# WHAT YOU ARE ASKED TO DO:
Each line of the records containing "Hotel" is to be copied out and returned.
===
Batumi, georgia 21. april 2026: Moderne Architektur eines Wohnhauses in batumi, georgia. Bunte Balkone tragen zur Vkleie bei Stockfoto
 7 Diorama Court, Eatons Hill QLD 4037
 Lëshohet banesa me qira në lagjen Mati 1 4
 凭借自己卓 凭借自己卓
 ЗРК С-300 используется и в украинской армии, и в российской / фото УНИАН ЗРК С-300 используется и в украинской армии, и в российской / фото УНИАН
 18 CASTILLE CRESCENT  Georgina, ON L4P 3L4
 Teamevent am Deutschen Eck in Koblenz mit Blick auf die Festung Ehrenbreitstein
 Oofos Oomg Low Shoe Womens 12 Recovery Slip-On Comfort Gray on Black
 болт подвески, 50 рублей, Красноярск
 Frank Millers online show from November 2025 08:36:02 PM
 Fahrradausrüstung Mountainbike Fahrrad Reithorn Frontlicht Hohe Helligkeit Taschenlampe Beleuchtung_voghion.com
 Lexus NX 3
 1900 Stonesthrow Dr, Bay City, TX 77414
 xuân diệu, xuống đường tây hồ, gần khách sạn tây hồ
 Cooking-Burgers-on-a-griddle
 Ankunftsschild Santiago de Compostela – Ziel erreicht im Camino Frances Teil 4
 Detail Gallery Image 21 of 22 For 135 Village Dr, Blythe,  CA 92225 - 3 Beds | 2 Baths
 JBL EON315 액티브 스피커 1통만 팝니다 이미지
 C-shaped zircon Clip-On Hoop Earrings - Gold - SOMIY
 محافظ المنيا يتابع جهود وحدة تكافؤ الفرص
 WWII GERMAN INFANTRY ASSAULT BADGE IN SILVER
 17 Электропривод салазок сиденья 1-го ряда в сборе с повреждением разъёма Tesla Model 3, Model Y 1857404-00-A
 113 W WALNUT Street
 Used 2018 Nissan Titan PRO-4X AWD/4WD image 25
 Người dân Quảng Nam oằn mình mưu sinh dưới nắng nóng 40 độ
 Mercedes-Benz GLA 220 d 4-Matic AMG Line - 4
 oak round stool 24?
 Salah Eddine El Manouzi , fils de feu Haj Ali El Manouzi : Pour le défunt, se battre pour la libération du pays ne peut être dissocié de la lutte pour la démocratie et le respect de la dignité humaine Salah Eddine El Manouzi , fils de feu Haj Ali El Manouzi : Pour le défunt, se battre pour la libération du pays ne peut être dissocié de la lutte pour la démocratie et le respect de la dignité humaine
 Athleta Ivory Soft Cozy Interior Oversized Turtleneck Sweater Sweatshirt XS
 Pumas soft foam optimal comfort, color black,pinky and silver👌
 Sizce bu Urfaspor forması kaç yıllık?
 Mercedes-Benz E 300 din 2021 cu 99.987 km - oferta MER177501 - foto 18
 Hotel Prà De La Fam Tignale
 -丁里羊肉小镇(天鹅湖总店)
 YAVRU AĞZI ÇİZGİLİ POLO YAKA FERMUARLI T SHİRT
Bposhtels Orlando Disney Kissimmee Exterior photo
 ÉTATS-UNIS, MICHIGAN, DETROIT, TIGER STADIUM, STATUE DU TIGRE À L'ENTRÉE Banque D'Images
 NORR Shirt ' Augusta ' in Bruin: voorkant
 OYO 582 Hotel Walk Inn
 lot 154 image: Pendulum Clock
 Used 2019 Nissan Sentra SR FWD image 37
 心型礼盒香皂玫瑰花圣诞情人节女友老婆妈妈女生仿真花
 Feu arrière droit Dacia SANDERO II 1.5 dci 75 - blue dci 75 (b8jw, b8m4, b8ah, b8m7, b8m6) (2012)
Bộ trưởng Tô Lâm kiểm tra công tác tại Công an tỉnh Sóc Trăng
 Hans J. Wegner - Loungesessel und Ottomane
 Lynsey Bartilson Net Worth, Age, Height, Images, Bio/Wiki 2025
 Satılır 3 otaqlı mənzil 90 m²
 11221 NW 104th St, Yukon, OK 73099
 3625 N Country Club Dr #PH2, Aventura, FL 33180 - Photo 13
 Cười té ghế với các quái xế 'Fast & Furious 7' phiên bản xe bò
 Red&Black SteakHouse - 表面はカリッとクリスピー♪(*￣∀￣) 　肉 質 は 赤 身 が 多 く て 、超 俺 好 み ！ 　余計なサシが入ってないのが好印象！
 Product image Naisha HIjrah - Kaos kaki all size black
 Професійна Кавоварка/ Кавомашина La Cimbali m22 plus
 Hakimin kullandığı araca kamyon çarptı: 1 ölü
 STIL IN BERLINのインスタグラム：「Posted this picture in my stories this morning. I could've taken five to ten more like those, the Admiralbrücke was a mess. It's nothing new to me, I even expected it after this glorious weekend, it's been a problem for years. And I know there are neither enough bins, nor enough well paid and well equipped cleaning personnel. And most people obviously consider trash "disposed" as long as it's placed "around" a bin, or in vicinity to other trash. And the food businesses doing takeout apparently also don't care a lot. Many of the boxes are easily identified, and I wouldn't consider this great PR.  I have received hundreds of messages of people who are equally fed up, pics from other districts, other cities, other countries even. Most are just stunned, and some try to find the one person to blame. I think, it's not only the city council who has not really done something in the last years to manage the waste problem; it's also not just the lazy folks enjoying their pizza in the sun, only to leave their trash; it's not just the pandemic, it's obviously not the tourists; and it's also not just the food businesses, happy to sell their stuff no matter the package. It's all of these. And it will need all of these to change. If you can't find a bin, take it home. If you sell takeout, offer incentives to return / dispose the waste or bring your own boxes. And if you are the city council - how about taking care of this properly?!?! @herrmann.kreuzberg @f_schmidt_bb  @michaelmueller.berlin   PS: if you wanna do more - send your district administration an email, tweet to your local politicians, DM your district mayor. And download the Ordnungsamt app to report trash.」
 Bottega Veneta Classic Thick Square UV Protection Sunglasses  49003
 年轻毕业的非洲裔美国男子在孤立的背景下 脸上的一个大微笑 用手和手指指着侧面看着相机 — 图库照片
===
# OUTPUT OF THE EXERCISE:
 Hotel Prà De La Fam Tignale
 OYO 582 Hotel Walk Inn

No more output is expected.